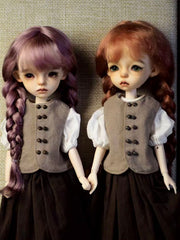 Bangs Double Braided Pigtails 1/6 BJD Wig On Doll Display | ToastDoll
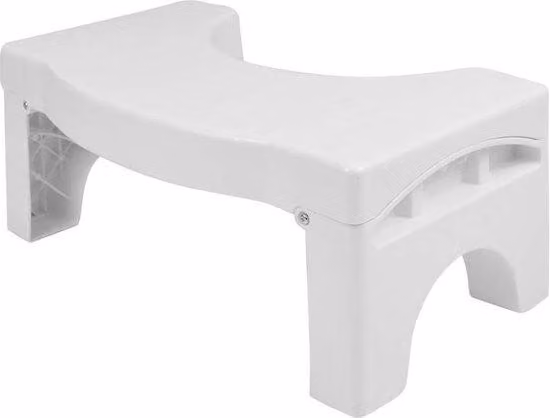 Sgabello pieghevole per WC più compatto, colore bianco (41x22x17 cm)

□ □ □ □ □

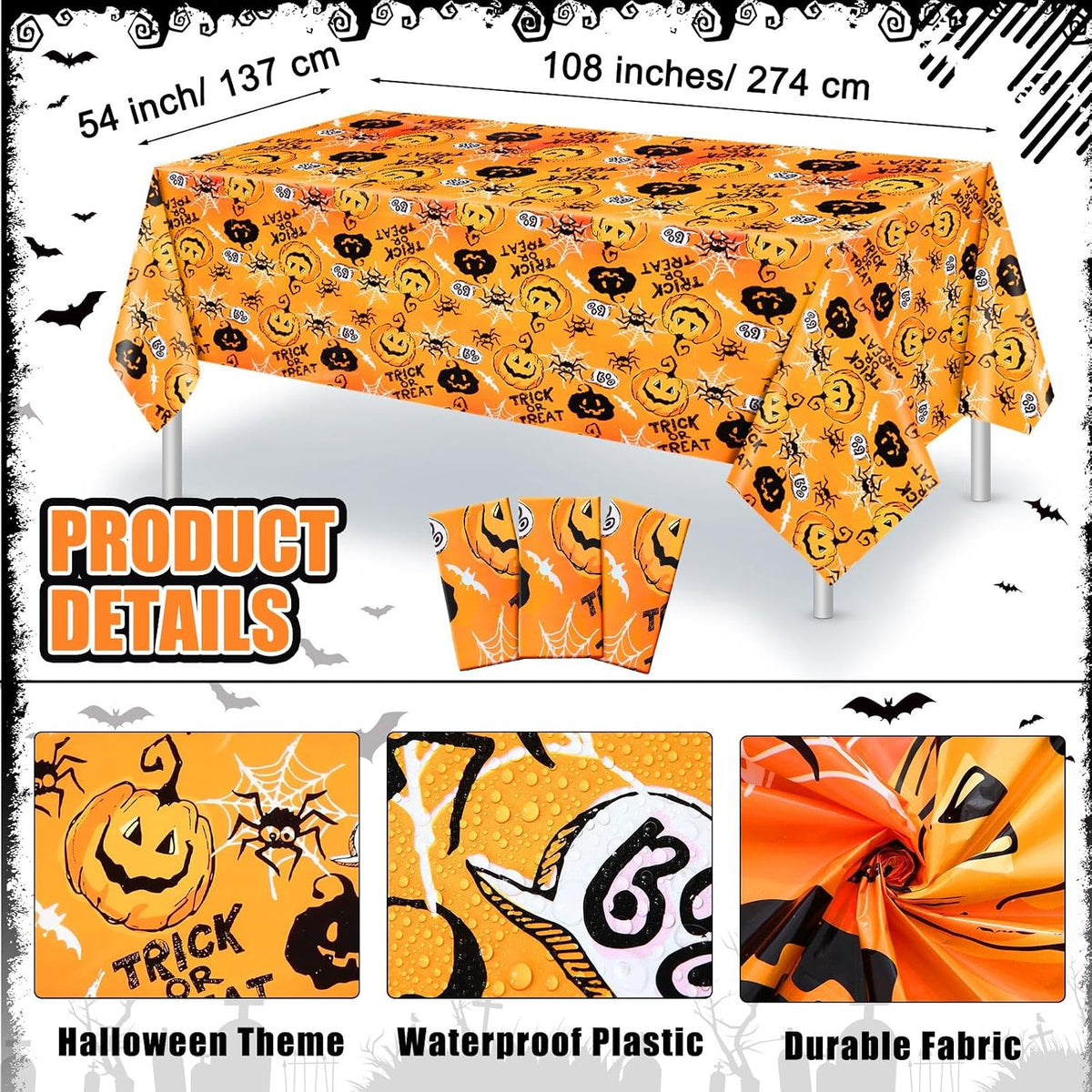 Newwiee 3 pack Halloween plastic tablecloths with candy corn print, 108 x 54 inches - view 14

□ □ □ □ □

[Instructions for the task]
Look through the material above. Transcribe exactly the lines between the ones with "Bangs Double Braided" and "Sgabello pieghevole per", inclusive, and keep pictures out.

[Response]
 Bangs Double Braided Pigtails 1/6 BJD Wig On Doll Display | ToastDoll
 Sgabello pieghevole per WC più compatto, colore bianco (41x22x17 cm)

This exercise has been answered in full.